If you don’t know what I mean, a watermark is usually put on early screeners given to the press — often with the intended viewer’s name or email put prominently but semi-transparently over the movie/show. They can’t be photoshopped away, so that if the viewer wants to take screenshots or illegally upload the video somewhere, they can’t do it without identifying themselves as a leaker. Sometimes, studios also send out an early version of the film with the timecode on it, which counts the movie’s running time in real time, usually used for production but also a clear example that if it surfaced online it would be a bootleg and not a legitimate release.

It’s annoying to have to watch a show or movie with your name stuck in the middle of the screen, but it’s par for the course for big studios because they’re so afraid of spoilers getting out. And to be fair, when they send screeners out to press, the material is fully out of their control, so perhaps a bit of paranoia is justified. However, refusing to give actors un-watermarked copies of the films they starred in is bananas, but that’s what happened to Olsen when she asked for a copy of Multiverse of Madness to watch at home as she was sick during the movie’s premiere event. As Olsen related on last night’s episode of The Tonight Show:

“I’m not one of those [actors that doesn’t like to watch themselves act],” Olsen said. “I’m one of those people who likes to study something so I can figure out how to make it better. But I had a cold when we had the premiere and I didn’t want to sit through it. And so I asked them to send a copy so I could watch it, and it had my name on it and it had the time that I was watching it, and I didn’t want to watch it like that … it’s just distracting.”

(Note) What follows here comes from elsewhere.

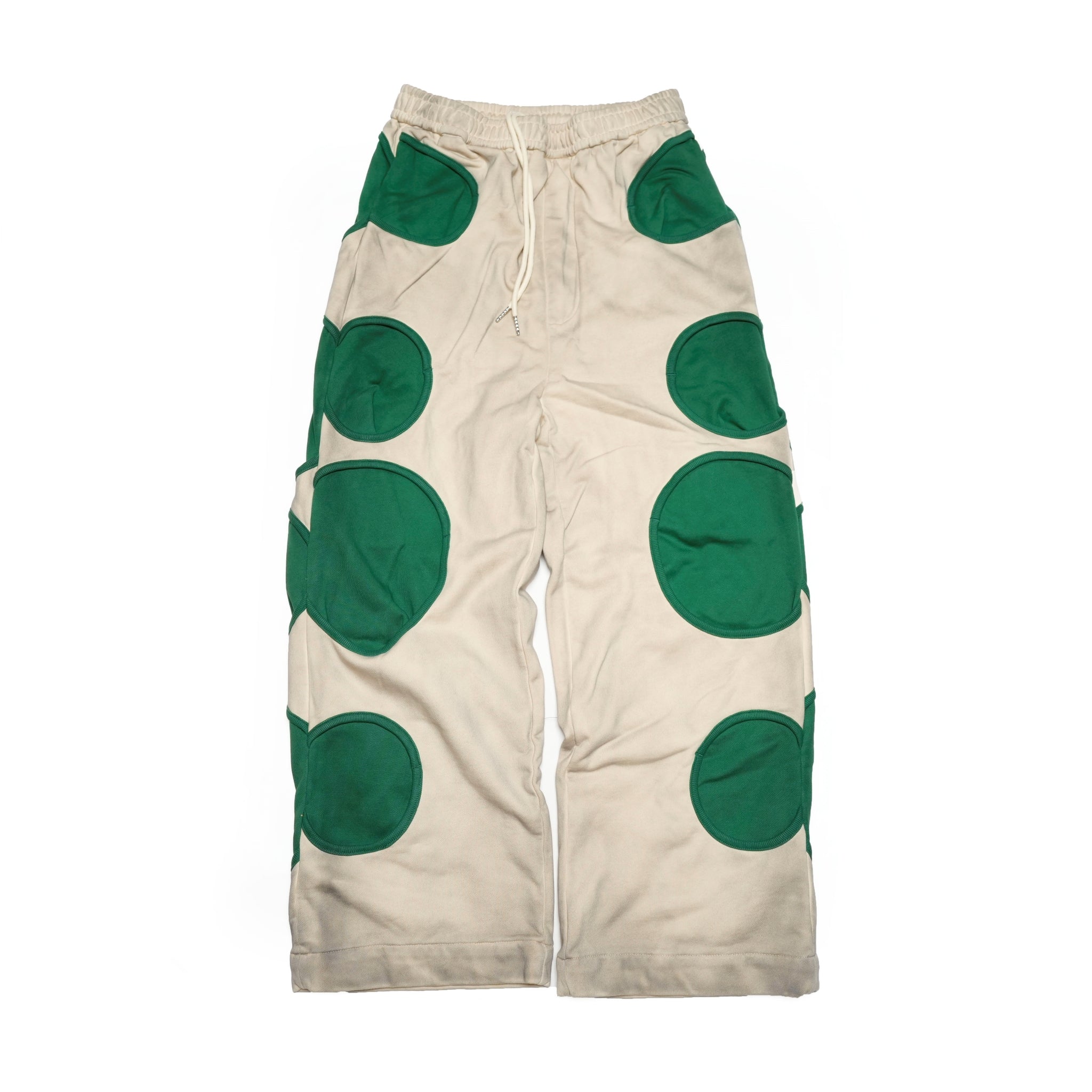 Pla24awp03-2_beige/forest | UFO sweat pants | Color:Beige/Forest【PLATEAU STUDIO_プラトー スタジオ】【archive】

Fallon explained to Olsen that studios add watermarks to screeners to prevent illegal sharing online, to which the actor replied, “How do you even do that? Who do you even send it to? How do you even record it on a computer?”

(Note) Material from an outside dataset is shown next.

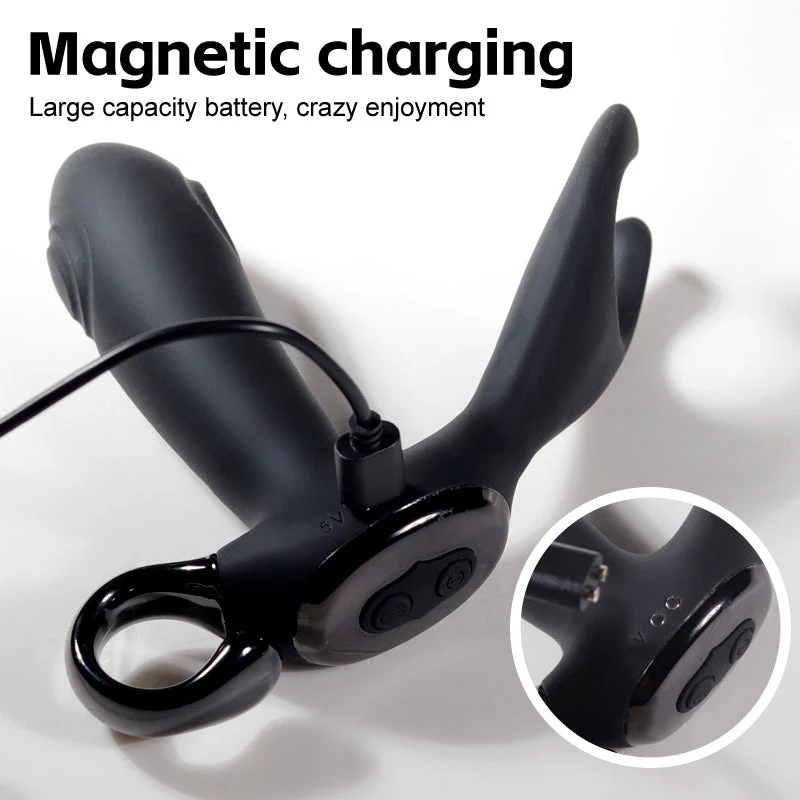 Tapping Prostate Massager - Vibrating & Hooked - Image 6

Even if Olsen was bluffing and is secretly a torrenting master, it stands to reason that she’s professional enough to not wreck her relationship with Marvel Studios by handing out a screener with her name on it. There’s the even more salient fact that Olsen starred in the damn movie and knew most, if not all, of everything that happened in it; if she wanted to spoil the film she starred in, and would make more money if people watched it in theatres instead of a shitty version on their computers, she could have done it at any time. Olsen could have pretended she’d made a Tom Holland-esque gaffe.

It’s all really, really dumb. If Marvel Studios doesn’t trust the people they hire not to illegally upload screeners to the internet, then they probably shouldn’t have been hired in the first place. It’s incredibly insulting, especially to someone who had already starred in five Marvel movies and her own TV series without spoiling anything at all.